*** Opening INPUT ***

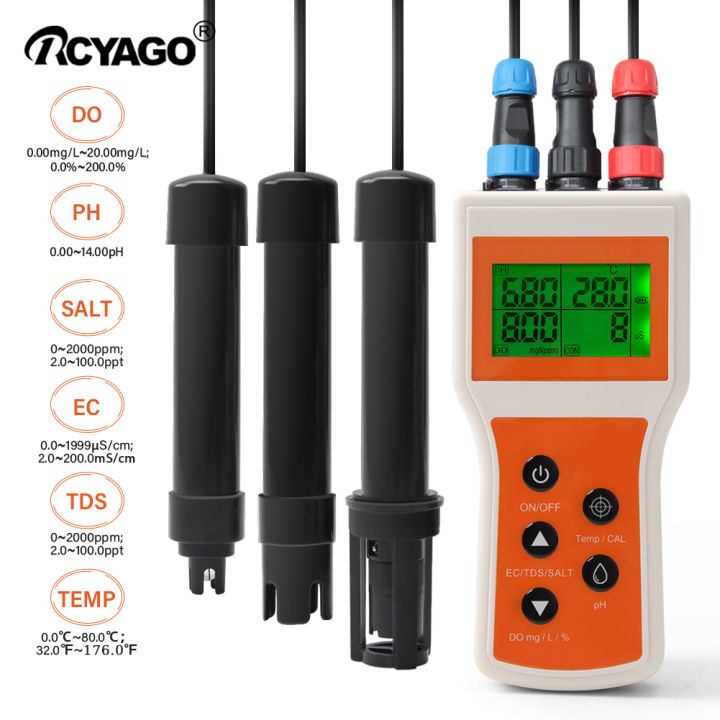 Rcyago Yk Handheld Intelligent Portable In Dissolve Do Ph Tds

*** Closing INPUT ***
*** Opening INPUT ***

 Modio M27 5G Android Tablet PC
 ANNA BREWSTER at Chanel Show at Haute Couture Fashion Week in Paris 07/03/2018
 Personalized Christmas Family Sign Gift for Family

*** Closing INPUT ***

Find the line with "ANNA BREWSTER at" in the entries above. Retype it and each line after it, exactly, through the line with "Personalized Christmas Family", and stop there.

 ANNA BREWSTER at Chanel Show at Haute Couture Fashion Week in Paris 07/03/2018
 Personalized Christmas Family Sign Gift for Family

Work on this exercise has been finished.